If task start time is chosen from a uniform random distribution, is inter-arrival time exponentially distributed

markov chainsprobabilityprobability distributionsqueueing-theorystatistics

Question: If the start time is generated from uniform random distribution, is the inter arrival time exponentially distributed?

Context:
We have a number of tasks to be run every day (and we have the flexibility to set the actual start time). To avoid overloading the system by running everything at a fixed time, and we want to spread the load through out the day. And everyday we want to run the task at the same time.

To spread the load, we hash the taskid to generate the start time. (Almost equivalent to generating from uniform random distribution)

The question is, since the arrival time is uniformly distributed and independent of each other, does the inter arrival time follow exponential distribution? I want to use queueing theory to model the system performance, since exponentially distributed inter arrival time is the most studied distribution, I want to see if I can use M/M/1 queuing model.

I understand there are some differences.

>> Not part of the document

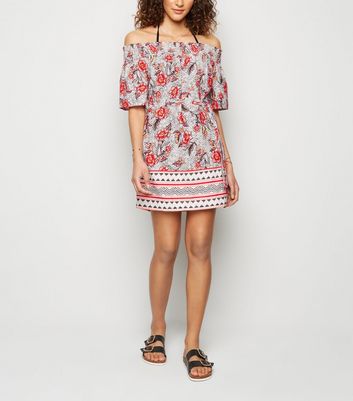 White Floral Spot Bardot Beach Dress 
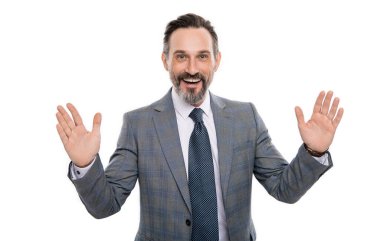 Başarılı bir patron jesti. Başarılı bir iş. İşletme yöneticisi. Stüdyoda profesyonel iş adamı. İş başarısı. Takım elbiseli bir işletmeci beyazdan izole edilmiş. Olgun iş adamı.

The start time generated is discrete, but the exponential distribution is continuous. I assume, I can increase the granularity of the time to approximate continuous time.


Another option is to generate the start time as a Poisson process (At every t, decide whether to run or not with probability p. ) But at some point, we want to ensure the task runs every day, so we might have to force it to run at midnight eventually. So this might get a bit weird.

Best Answer

If the day is of length $1$, and there are $n$ independent uniformly distributed start times then this is equivalent to breaking a stick into $n+1$ pieces and there is probably a duplicate question on this site.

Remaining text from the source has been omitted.